_What to work on_
From the first line of the data through the line containing "How I Draw Danganronpa", transcribe each line exactly. Pictures do not belong in the copy.

_Dataset extract_
[Start of section]
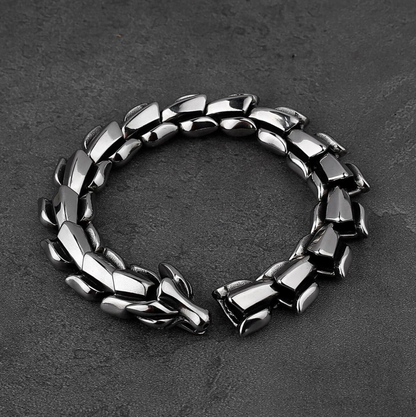 World Serpent Viking Bracelet 316L Stainless Steel Cuff Premium Gift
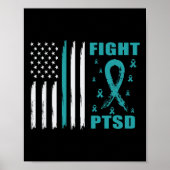 Ptsdと戦うティール(緑がかった色)リボンとフラグ ポスター (正面)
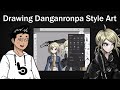 How I Draw Danganronpa Splash Art (Komatsuzaki Style)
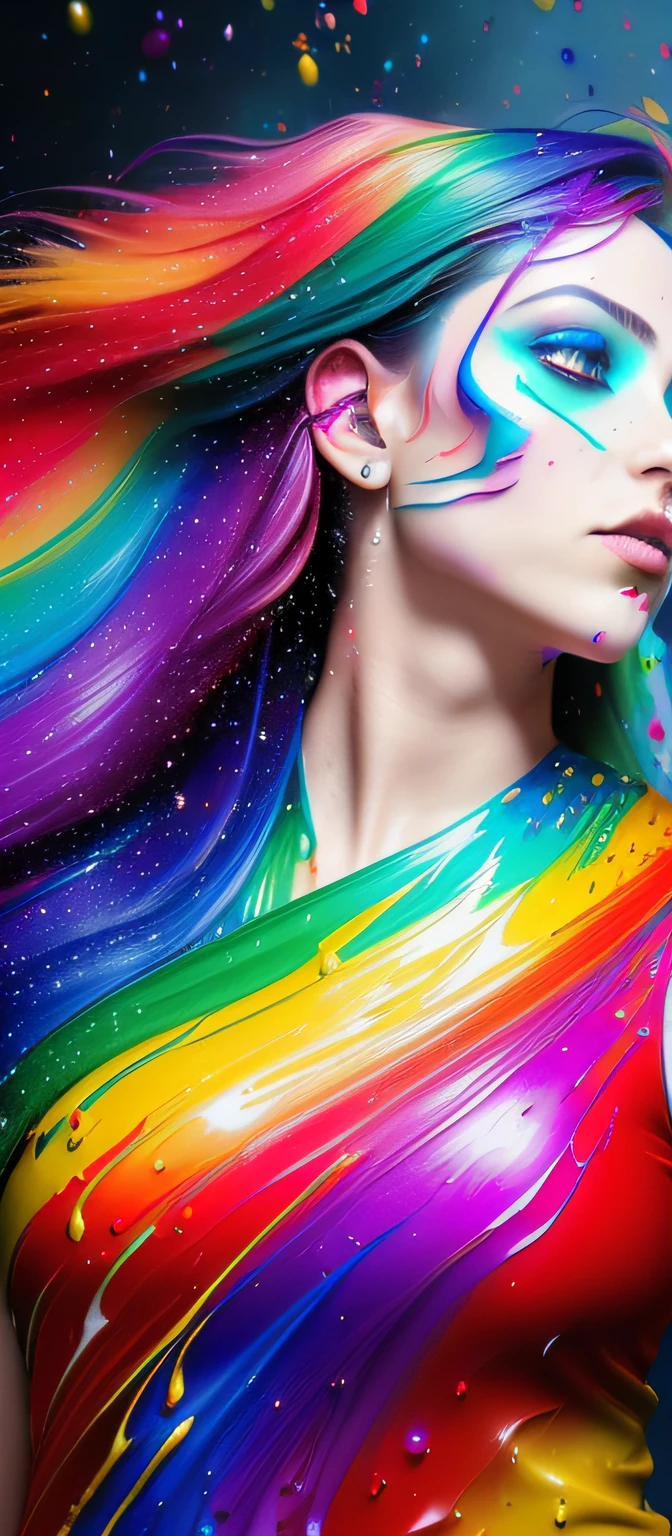 (Height difference:1.8),(Paint clashes and splashes on the canvas),(depth of fields),1 girl's side face blends into it，Refined looks，Amazing beauty，Radiant eyes，Seductive eyes(intricately details），luxury accessories，delicatenecklace（Liquid pigments）((sideface)),(Liquid pigment rainbow hair:1.1) Made of painting defies gravity,Thick flow,(paint splatter:1.3),liquid state, Rainbow-colored droplets,Exploding rainbow paint，tmasterpiece,Background of details,Ultra-high quality models,Ethereal background,Abstract beauty,Explosive volume,oil painted,Heavy strokes,Romantic lights,Sub-surface scattering，Lens 135mm，F1.8，with light glowing，8K，A high resolution，dream magical，Ray traching，hdr，God Ray，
[End of section]
_Response below_
 World Serpent Viking Bracelet 316L Stainless Steel Cuff Premium Gift
 Ptsdと戦うティール(緑がかった色)リボンとフラグ ポスター (正面)
 How I Draw Danganronpa Splash Art (Komatsuzaki Style)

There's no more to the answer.